When using S3 and Cloudfront it appears one pays for S3 storage, then pays for Cloudfront requests. Cloudfront to S3 is free. If I have about 10 GB in S3, I expect to pay about 0.63 USD. If I exceed the Cloudfront limits, it’s 0.09/GB after the first TB out.
S3 and Cloudfront pricing seems like it could get out of control. There is no upper cutoff of when the provider will halt your services to stop you from incurring a large bill. I’ll be keeping a close eye on it.
Regardless, based on the offerings, I believe AWS is by far the cheapest offering. The other guarantee AWS offers is a cost structure. For various reasons, the other options I considered do not offer unambiguous cost structures at scale.
Besides… If I went with a VPS based solution, I wouldn’t have this Terraform experience to talk about. ;)
§Configuring the website with Terraform
With Terraform, I was able to do all the following:
- Create the static website’s S3 bucket, configure permissions for access from Cloudfront
- Create another S3 bucket to store Cloudfront access logs
- Generate a Let’s Encrypt SSL certificate for the domain for use with Cloudfront
- Import the Certificate into AWS
- Create the Cloudfront distribution with HTTPS support via the Let’s Encrypt certificate.
- Create the CNAME record on my domain name to give my website a nice URL
§Configuring secrets
Before continuing, check if you have the following environment variables set:
NAMECHEAP_USER_NAME
(If using Namecheap DNS like I am)NAMECHEAP_API_USER
(ditto)NAMECHEAP_API_KEY
(ditto)AWS_ACCESS_KEY_ID
(mandatory)AWS_SECRET_ACCESS_KEY
(mandatory)
If you need to configure these, consider writing a dotenv file (12factor app environment variables) and using direnv to auto-load those settings when you change into that directory. This way you do not need to track these settings globally, and can reside with your project directory.
Set up your environment? Great! Let’s look at each section of the Terraform file.
§Declare your providers
Terraform needs to know about what providers load when doing work against your
.tf
file:
terraform {
required_providers {
namecheap = {
source = "namecheap/namecheap"
version = ">= 2.0.0"
}
aws = {
source = "hashicorp/aws"
version = "~> 4.0"
}
acme = {
source = "vancluever/acme"
version = "~> 2.0"
}
}
}
§Configure the providers
Next you can configure some defaults for your providers, such as the Let’s Encrypt service URL, default AWS region.
provider "acme" {
# server_url = "https://acme-staging-v02.api.letsencrypt.org/directory"
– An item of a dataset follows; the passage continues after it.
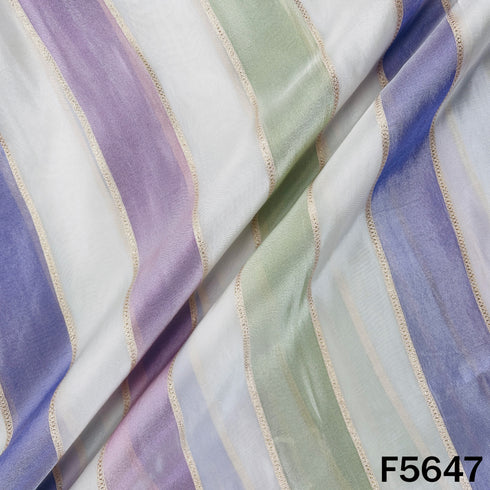 Zari Work Tissue Fabric - F5647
server_url = "https://acme-v02.api.letsencrypt.org/directory"
}
provider "aws" {
region = "us-east-1"
}
§Declare your S3 buckets
You’ll want two buckets. One to host the website and another to store logs.
# This policy is used ensure newly created s3 objects can be read from Cloudfront.
# Do NOT attach this policy to your log bucket.
data "aws_iam_policy_document" "allow_access_from_another_account" {
statement {
principals {
type = "AWS"
identifiers = ["*"] # Any user.
}
effect = "Allow"
actions = [
"s3:GetObject",
"s3:ListBucket",
]
resources = [
aws_s3_bucket.website.arn,
"${aws_s3_bucket.website.arn}/*",
]
}
}
# Website bucket
resource "aws_s3_bucket" "website" {
# Bucket name should be globally unique within the AWS region.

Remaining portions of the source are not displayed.